Un altro passo sbagliato fu andare all’Inter a gennaio del 2001. La squadra nerazzurra non navigava in acque tranquille visto che Lippi non era riuscito a mantenere le premesse iniziali e successivamente fu allontanato. Con me in panchina c’era già Tardelli. Fu un anno terribile credo come quello appena concluso in termini di risultati perché quando un club come l’Inter non va in Europa è un fallimento. Perdemmo un derby 6-0, giocammo a Bari per la squalifica di San Siro e in coppa non andò meglio con l’Alaves. Mettete pure il motorino gettato in curva dai tifosi per capire che clima si respirava in quel periodo. Ognuno ha ciò che si merita e quindi non ho rimpianti. O forse sì.

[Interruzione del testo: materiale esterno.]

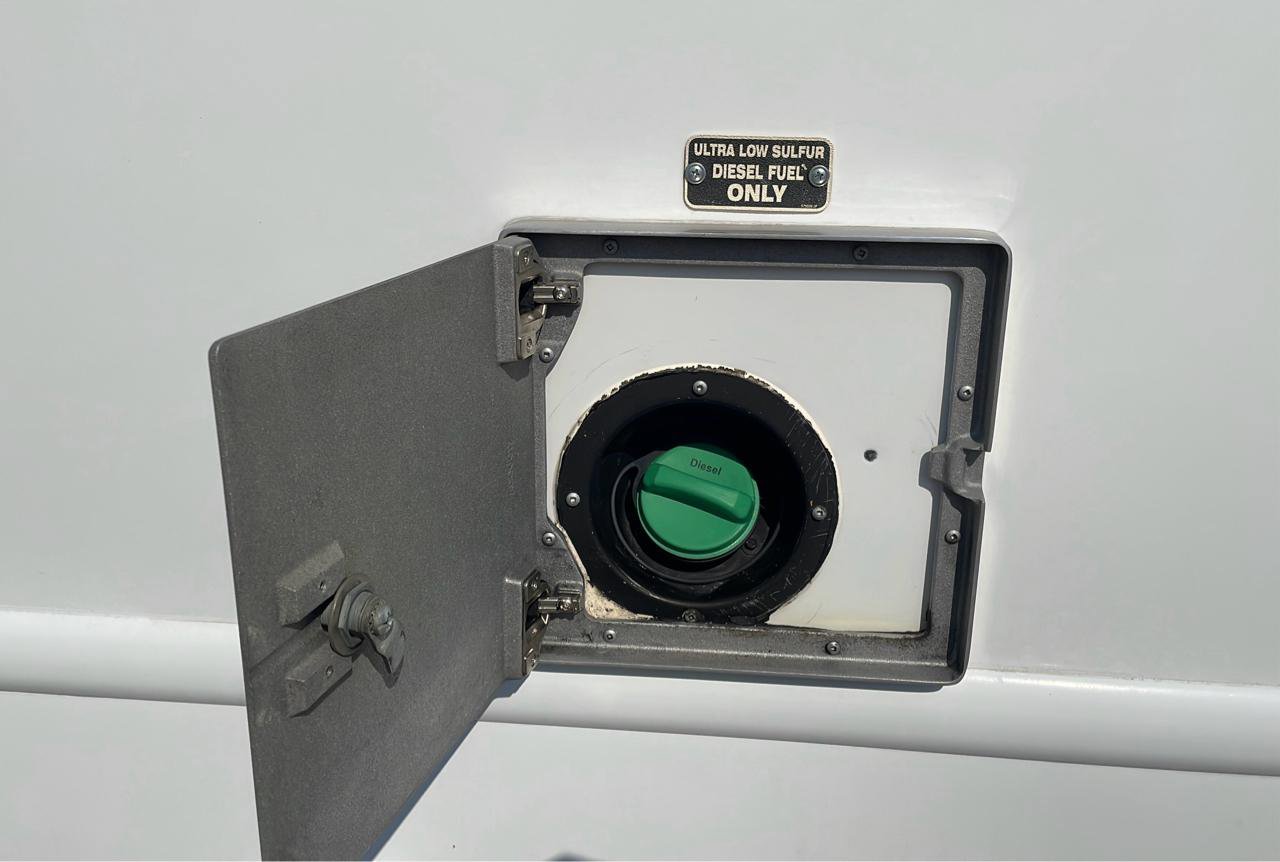 Used 2015 Chevrolet Express 3500 w/ Shuttle Bus Package RWD image 51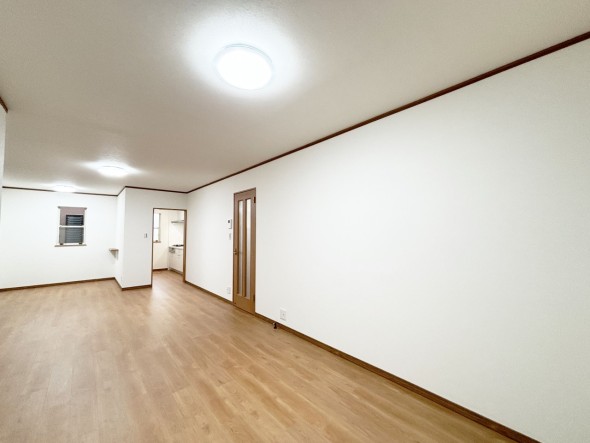 家族と過ごす時間を大切にしたい方にぴったりの明るくゆとりある住空間です。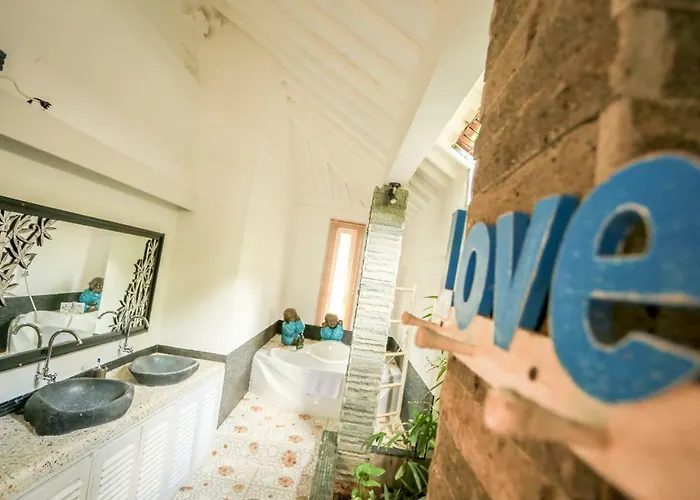 Villa The Kayu Manis Lovina (Bali)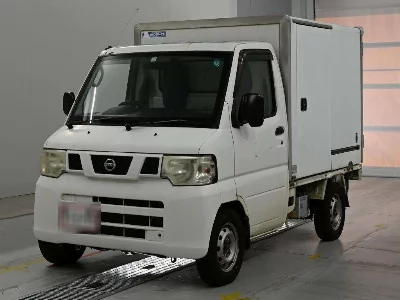 Nissan NT100 Clipper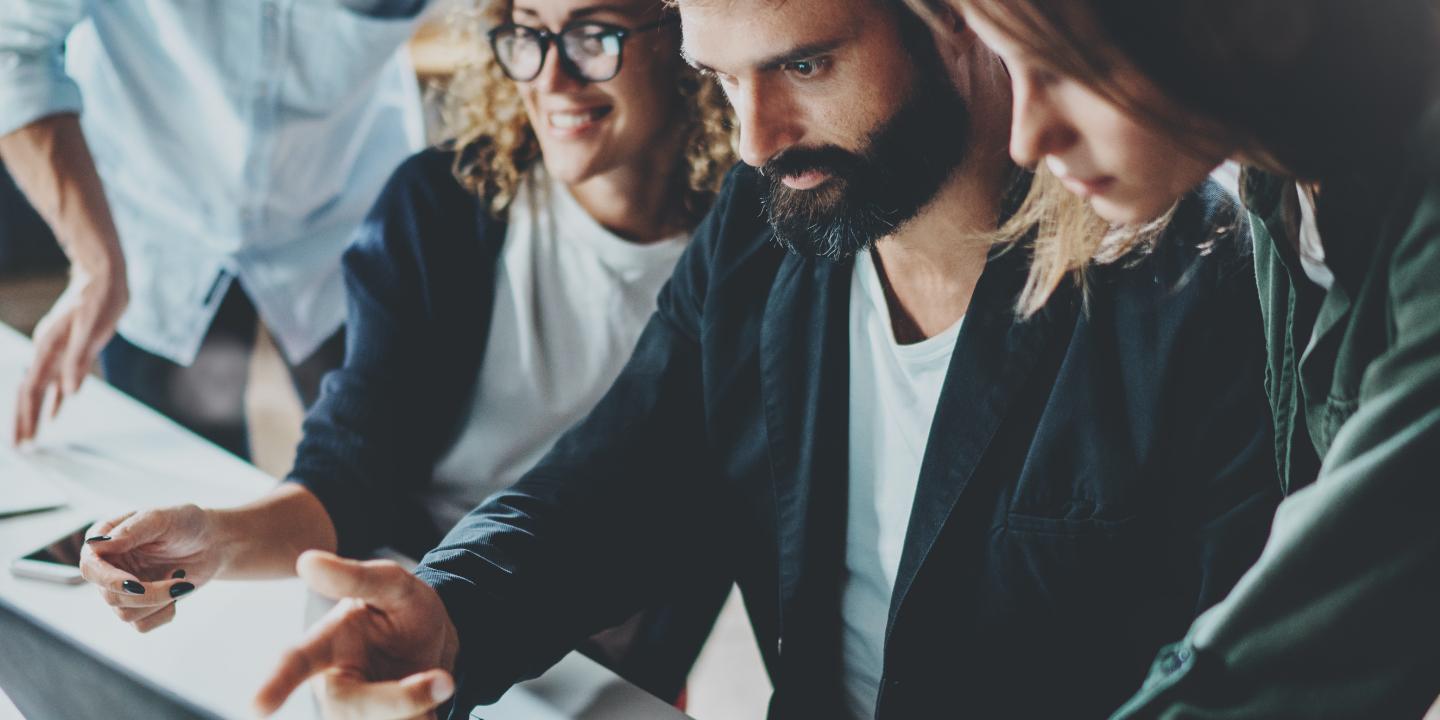 Co-création ou crowdsourcing ? Une approche psychologique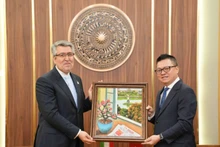 El presidente-editor del periódico Nhan Dan (Pueblo), recibe al embajador de Irán en Hanói. 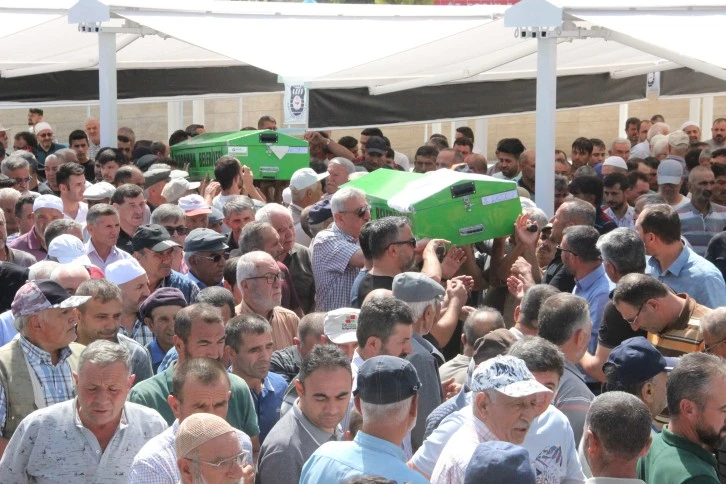 Kazada Ölen Çift Son Yolculuğuna Uğurlandı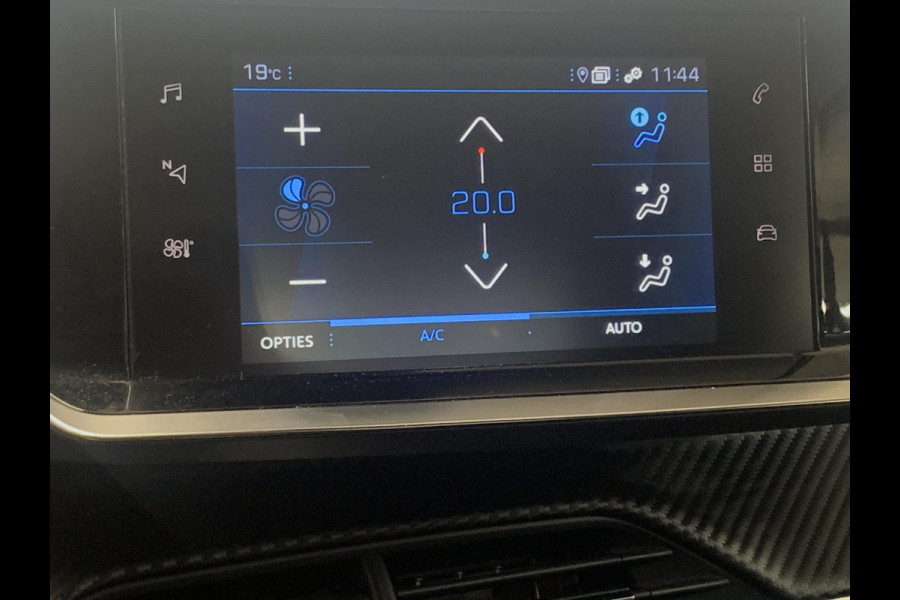 Peugeot 2008 1.2 PureTech Active Pack | Navigatie | Apple Carplay/Android Auto | Achteruitrijcamera | Cruise Control |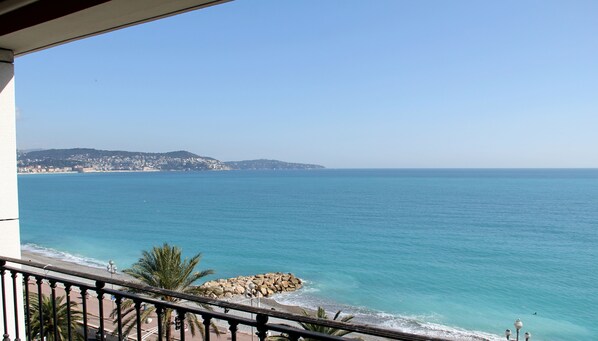Property grounds - Superb air-conditioned flat on the 7th floor facing the sea. (Nice)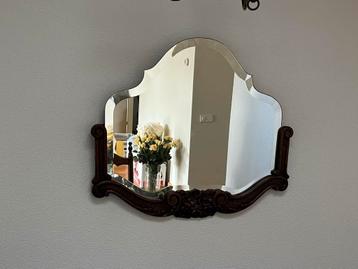 Spiegel met bewerkte houten rand beschikbaar voor biedingen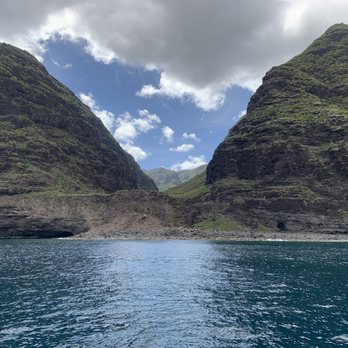 Holoholo Charters - Part of the Napali - I believe this shot was of the entrance where the helicopter in the first Jurassic Park movie flew into at the start - Boating Near Me - Eleele, Hawaii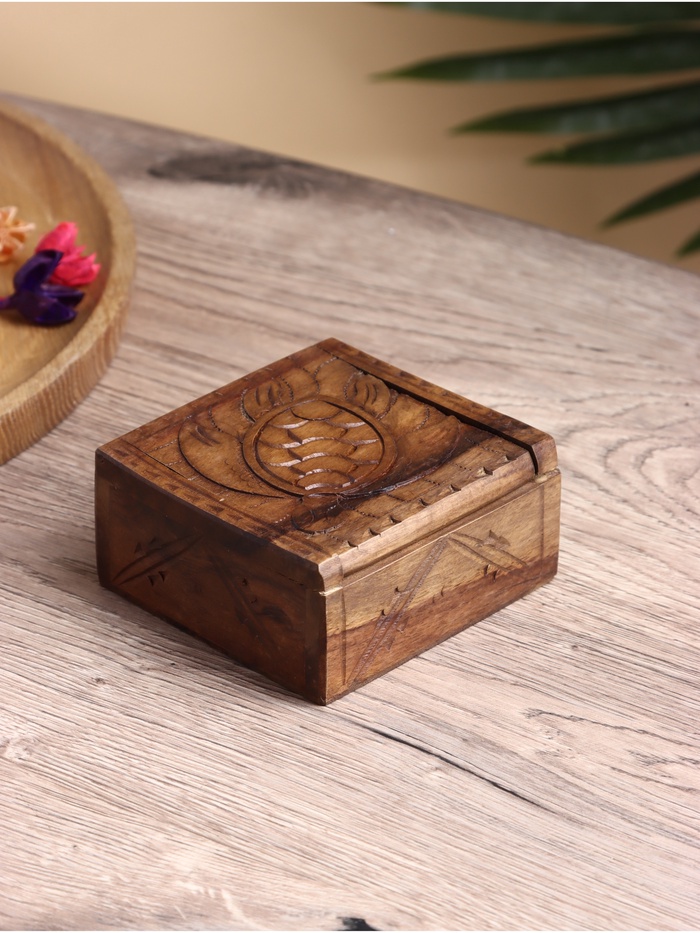 УЦЕНКА Шкатулка резная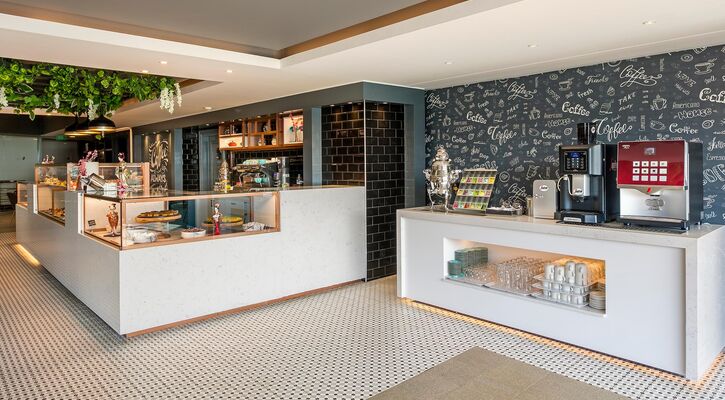 Limak Lara Deluxe Hotel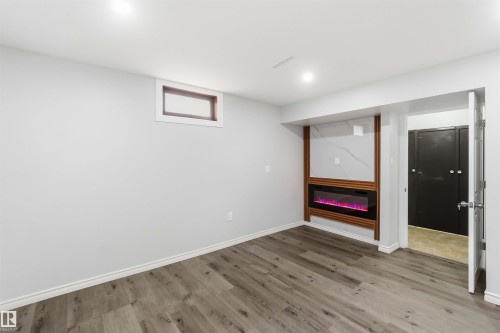13303 58 Street Nw, Edmonton, AB - Indoor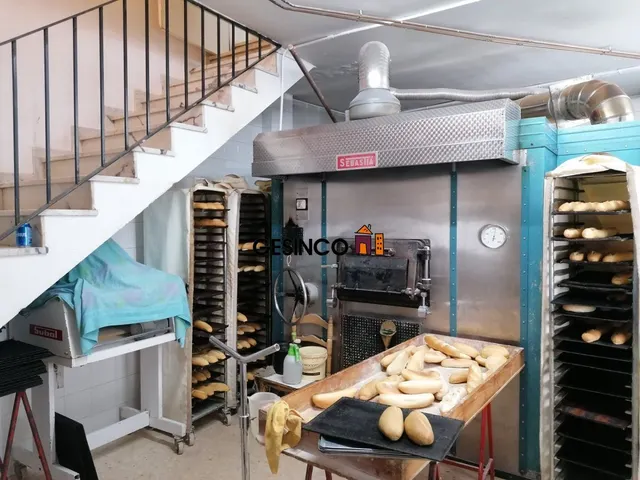 LOCAL COMERCIAL EN VENTA EN ONTINYENT - PANADERIA — 3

A Catania mi trovai in un club fantastico con un presidente come Pulvirenti che ti trasmetteva una carica unica perché ci stava vicino mostrando un attaccamento che non ho mai visto altrove. Peccato però che in quella stagione la squadra non era attrezzata per la B e la dirigenza voleva subito i risultati essendo appena arrivata a Catania. Questa pressione portò tanti problemi ma posso dire che nonostante poi sia andato via insieme ad altri miei ex compagni di squadra, Pulvirenti mi lasciò un ottimo ricordo. In sei mesi mi ha trasmesso più cose positive lui che tanti altri presidenti di club dove sono rimasto per più tempo".

Il rimpianto di essere andato all'Inter, una frase che difficilmente si sente dire. Eppure Marco Ferrante lo dice senza remore e senza censure, a testimoniare una cosa sola: viveva per giocare e per segnare. All'Inter non ebbe l'occasione, ed è un peccato. Non so dire se sia stato un suo problema o un problema del club; così come non saprei dire se Ferrante, come Hubner o Di Natale, fosse un bomber da "provinciale". Voglio piuttosto concentrarmi sui numeri, che ci dicono che Marco ha sempre segnato. Lo ha fatto con regolarità e senza paura, alle grandi come alle piccole squadre; in A come in B o in Lega Pro, dove ha chiuso la carriera con la maglia del Verona.



Quinto in solitaria fra i cannonieri della storia del Torino, ha superato persino un mostro sacro come Il Capitano del Toro, quel Valentino Mazzola indietro di due reti rispetto al numero 9. Non mi permetterei mai di dire che Ferrante sia stato meglio di Mazzola, ma una cosa la so: Ferrante aveva il goal nel sangue.
Destro naturale, non era un calciatore dal fisico poderoso. Eppure, veloce e tecnico, sapeva fare la prima come la seconda punta. In carriera ha giocato con Lentini, Pinga e Lucarelli, giocatori diversi fra loro ma con un comune denominatore: accanto a loro Ferrante ha sempre segnato.